Veteran shortstop Troy Tulowitzki is looking like one of the most compelling free agents of the 2018-19 offseason.
In large measure that's because, by releasing him, the Blue Jays put themselves on the line for the $38 million left on his contract. That, in turn, means any team can sign Tulo by forking over the minimum salary. Yes, he's going into his age-34 campaign, and he missed all of last season with heel problems. Tulowitzki, though, as recently as 2017 put up an OPS+ of 102 with a WAR of 3.4. He received MVP votes as recently as 2014. That MVP-ish ceiling of Tulowitzki's prime years in tandem with the negligible cost involved have yielded heated interest.
Speaking of which, here's a dispatch from Yahoo's Tim Brown dispatch about Tulo's recent workout:
He remains long and lean, about as willowy as they ever made a shortstop who could also hit you 30 home runs, who could also win you a Gold Glove. The fungoes sent him right and left and brought him in and sent him away, and Tulo was again light on his feet, the ankle surgeries of last spring having finally and mercifully ended the pain and brought back the life. He told scouts he'd worked so hard to recover, he'd committed so fully to bring it all back, and he'd gestured to the field, as if to say, "Hold on, I'll show you."
Brown goes on to report that at least 11 teams -- the Red Sox, Cubs, Yankees, Phillies, and Giants among them -- had a rep at Tulowitzki's workout. By all accounts, they surely came away impressed. It bears repeating that the risks -- he's in his mid-30s and has a fairly substantial injury history -- are more than offset by the modest investment required to sign Tulowitzki. That explains why you've got, you know, a dozen or so teams attending the workout of a player in his mid-30s with a fairly substantial injury history.
Likely, Tulowitzki is going to wind up as someone's low-risk, high-reward shortstop or third baseman. Obviously, you don't want to pencil in Tulo as your starting shortstop in 2019 and bank on 150 games from him. You need depth behind him or even alongside him in a job-sharing arrangement. In that way, he makes sense for a number of teams.
He's a fit with the Yankees should they miss out on Manny Machado, as Tulo could theoretically pin down shortstop until Didi Gregorius returns from Tommy John surgery. With the Cubs, he'd give Chicago a shortstop until Addison Russell returns from his domestic violence suspension (or perhaps beyond that if they decide to move on from Russell). The low cost also means Tulowitzki fits in nicely with the Cubs' reported budget constraints. Those, of course, are just two of the many clubs with eyes for the five-time All-Star.
The matter of course is how Tulo will fare at such a late baseball age and after missing all of the 2018 campaign.

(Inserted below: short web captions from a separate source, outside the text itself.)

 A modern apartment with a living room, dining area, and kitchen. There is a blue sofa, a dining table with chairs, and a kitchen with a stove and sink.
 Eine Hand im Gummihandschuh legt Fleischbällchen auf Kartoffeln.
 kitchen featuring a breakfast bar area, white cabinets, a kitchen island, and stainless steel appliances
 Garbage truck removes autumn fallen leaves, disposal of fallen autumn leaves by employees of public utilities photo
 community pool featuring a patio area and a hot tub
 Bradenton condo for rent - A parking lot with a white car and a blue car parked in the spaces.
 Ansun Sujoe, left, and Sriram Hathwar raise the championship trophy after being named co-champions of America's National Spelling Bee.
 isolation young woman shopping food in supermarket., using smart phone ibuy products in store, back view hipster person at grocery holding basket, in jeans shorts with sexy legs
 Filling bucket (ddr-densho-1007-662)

As well, he hasn't played in at least 140 games since 2011, and he hasn't produced at a truly high level, even on a rate-basis, since 2014. The glove still looks good, at least based on 2017 numbers and his reputation as a standout fielder.

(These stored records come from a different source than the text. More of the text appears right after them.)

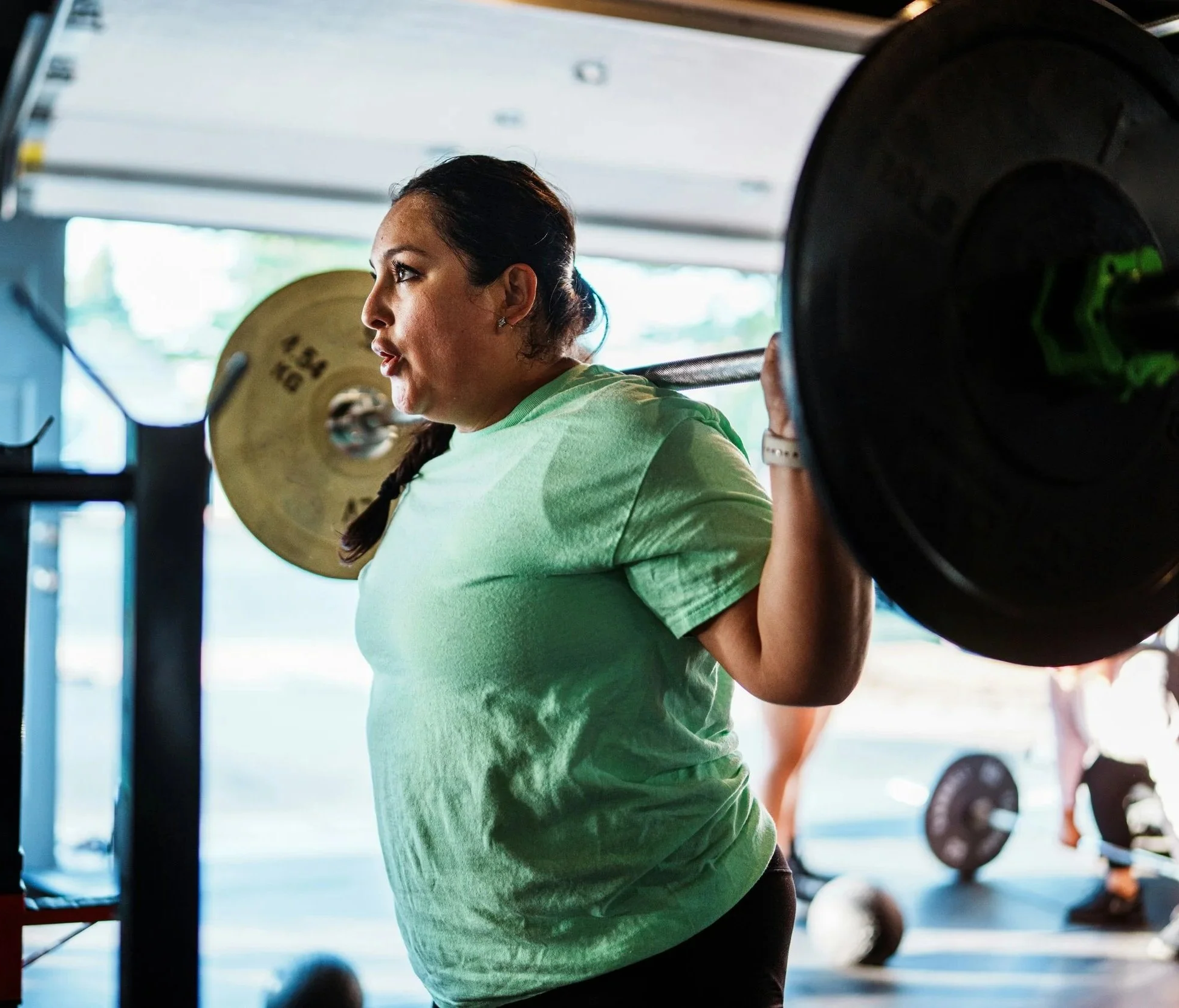 athlete wearing green shirt and lifting weights_skadi collective sports membership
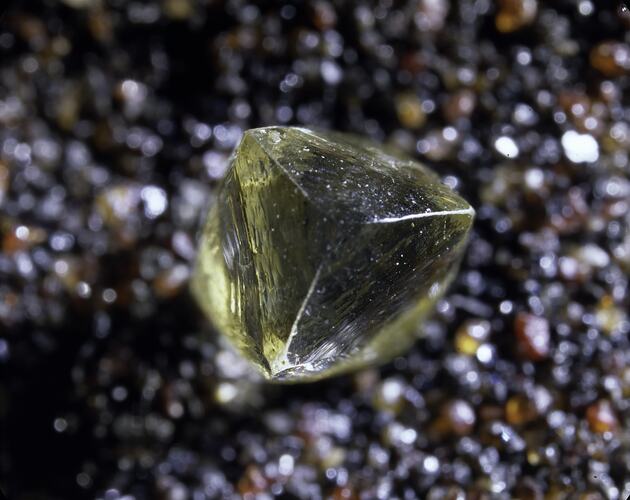 Uncut yellowish diamond.
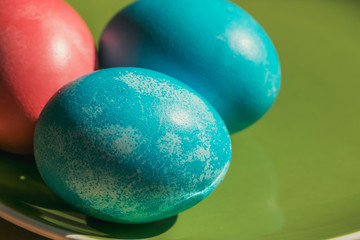 Easter photo from Russia. Chicken eggs are painted in blue and pink according to ancient tradition, lie on a green ceramic plate. Retro style still life in the spring sunshine.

Over at FanGraphs, the Steamer projection system forecasts Tulowitzki in 2019 for a slash line of .255/.314/.420 with 11 home runs in 81 games. That comes to a weighted on-base average (wOBA) of .317. To put that in context, last season the average MLB shortstop had a wOBA of .312, so Tulo is projected to slightly top that with, presumably, plus defense. You'll note that he's projected to play just half a season, and that's to be expected given what happened last year. The reality, though, is that Tulo still profiles as a useful hitter by positional standards, and he's got the potential to beat that forecast. How much of a workload he can handle is the big unknown among a near-full complement of unknowns.
At this price, though, you certainly take a chance on that. To the extent that Tulowitzki provides value over and above that paltry investment will be one of the storylines of the 2019 season. It may also be a storyline with major playoff implications.